Provided data:
++++++
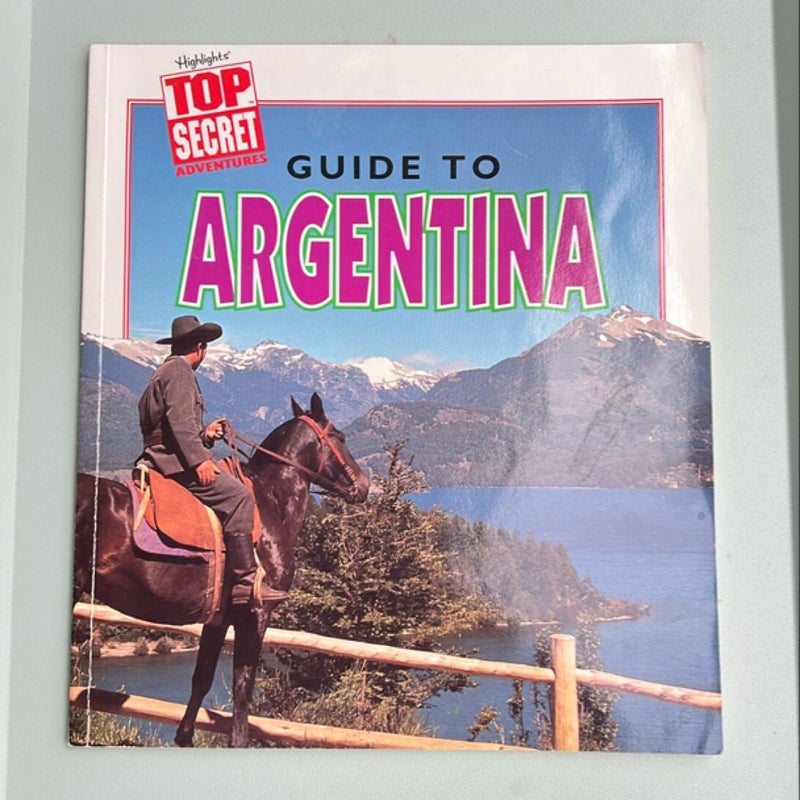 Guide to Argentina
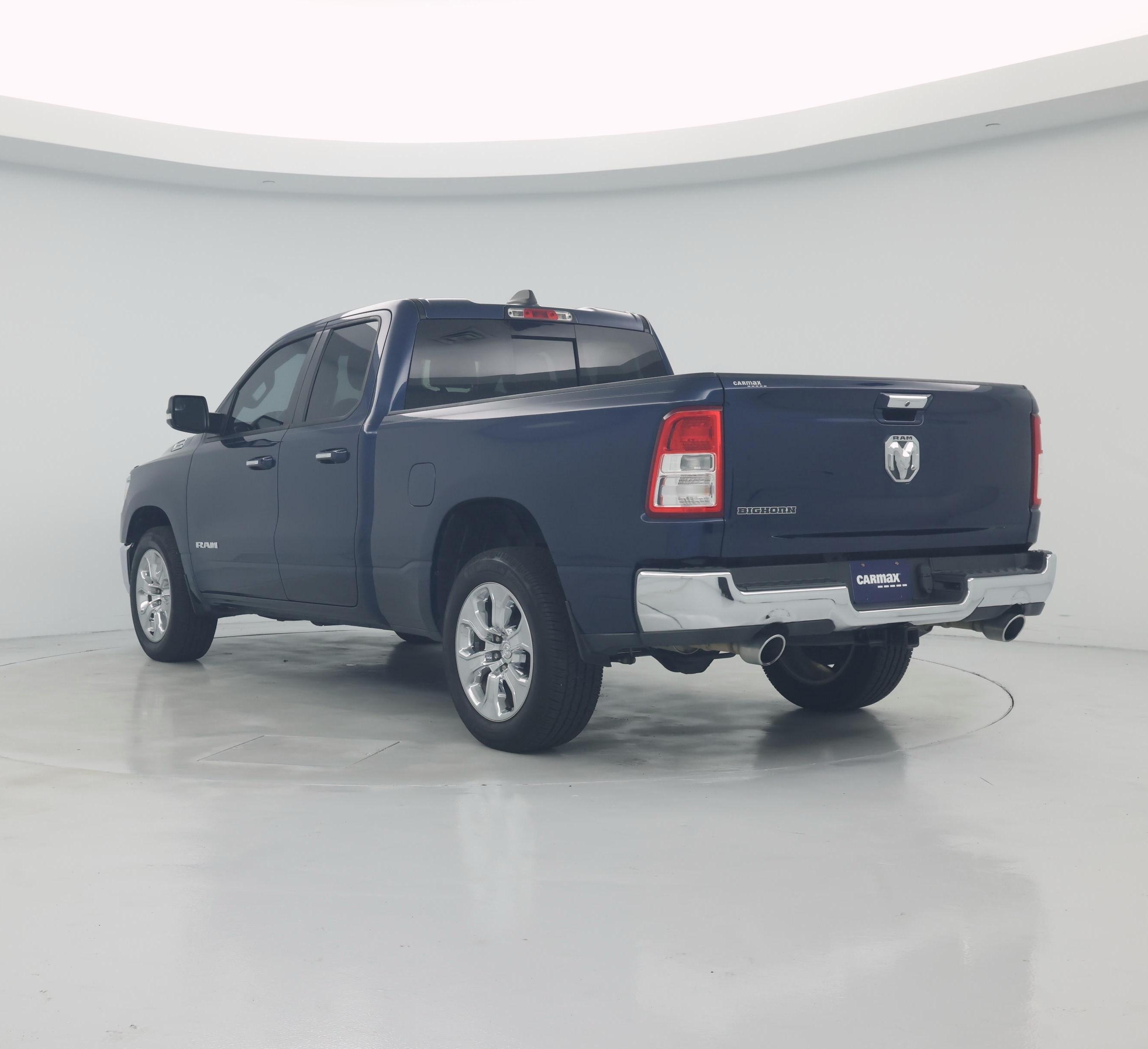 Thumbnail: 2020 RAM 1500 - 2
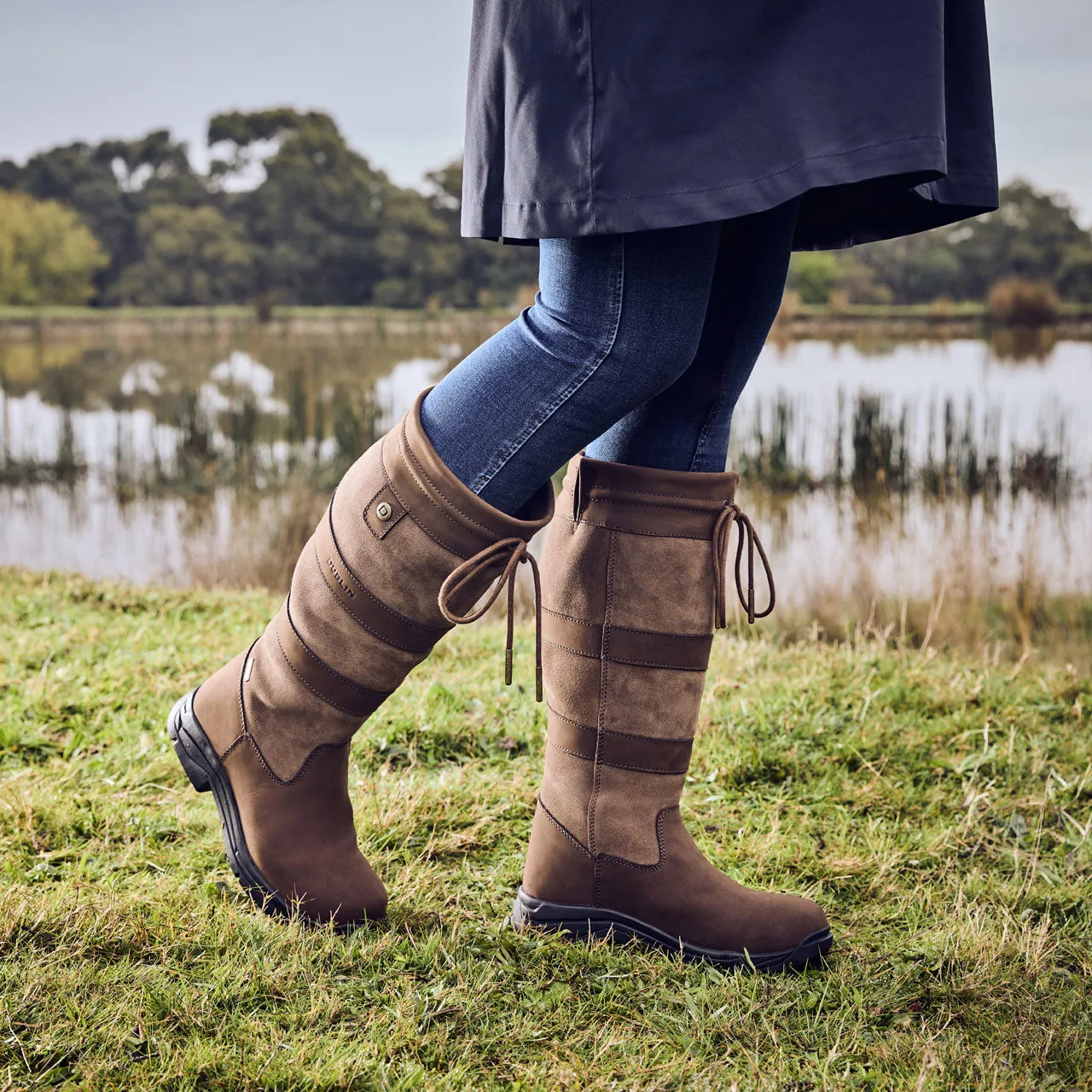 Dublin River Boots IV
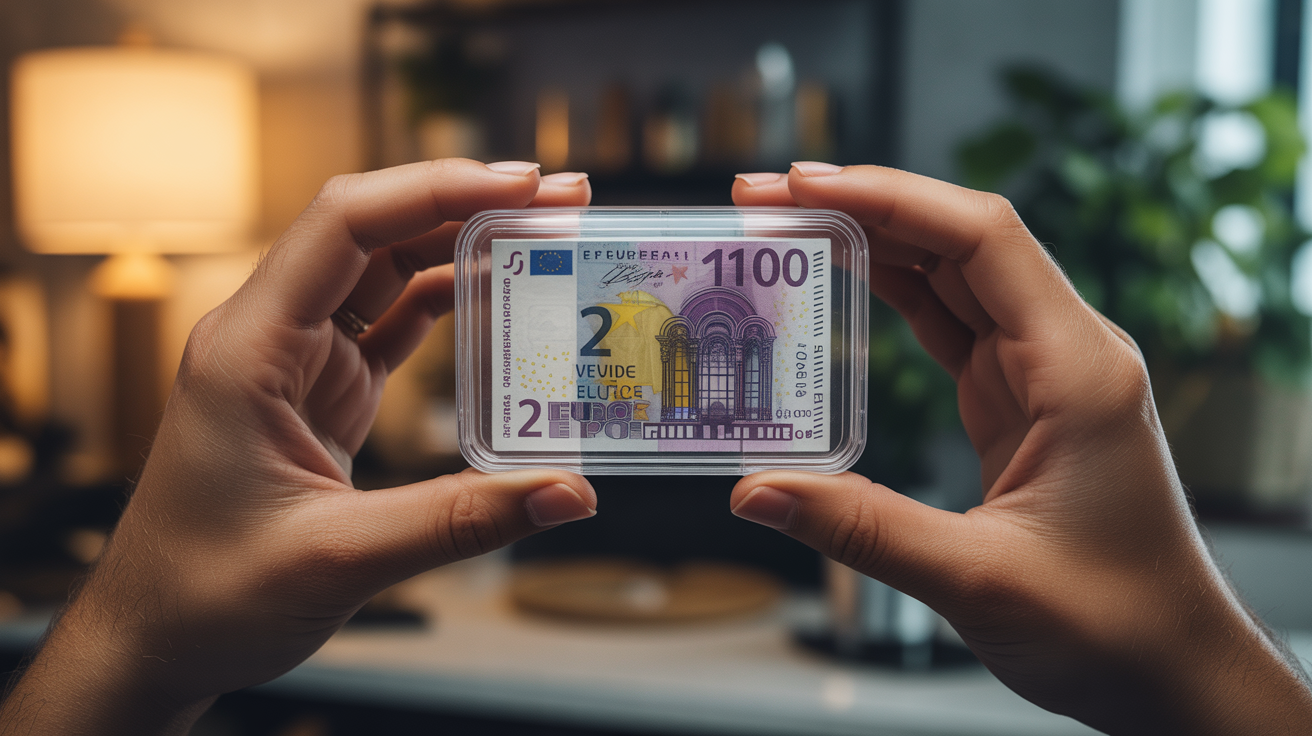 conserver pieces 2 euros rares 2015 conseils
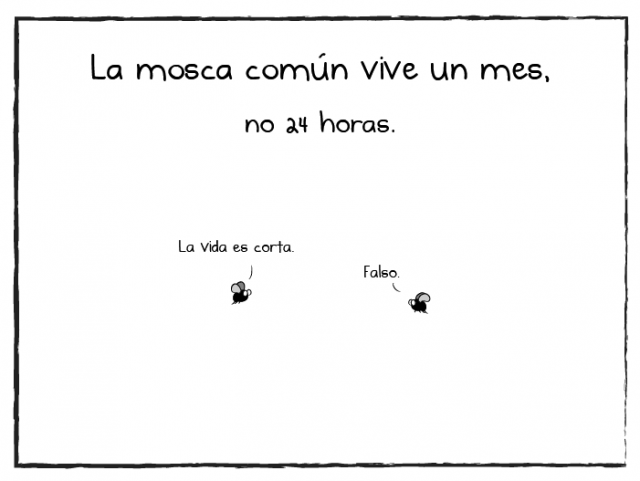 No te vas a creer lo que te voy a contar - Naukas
++++++
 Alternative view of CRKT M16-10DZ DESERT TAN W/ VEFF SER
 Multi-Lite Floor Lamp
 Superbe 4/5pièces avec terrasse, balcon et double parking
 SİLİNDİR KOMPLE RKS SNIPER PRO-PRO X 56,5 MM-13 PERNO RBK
++++++
Problem details: Within the listing above, find the line containing "Guide to Argentina" and the line containing "No te vas a". Transcribe them and everything between them exactly, leaving out the pictures.

Answer for the task:
 Guide to Argentina
 Thumbnail: 2020 RAM 1500 - 2
 Dublin River Boots IV
 conserver pieces 2 euros rares 2015 conseils
 No te vas a creer lo que te voy a contar - Naukas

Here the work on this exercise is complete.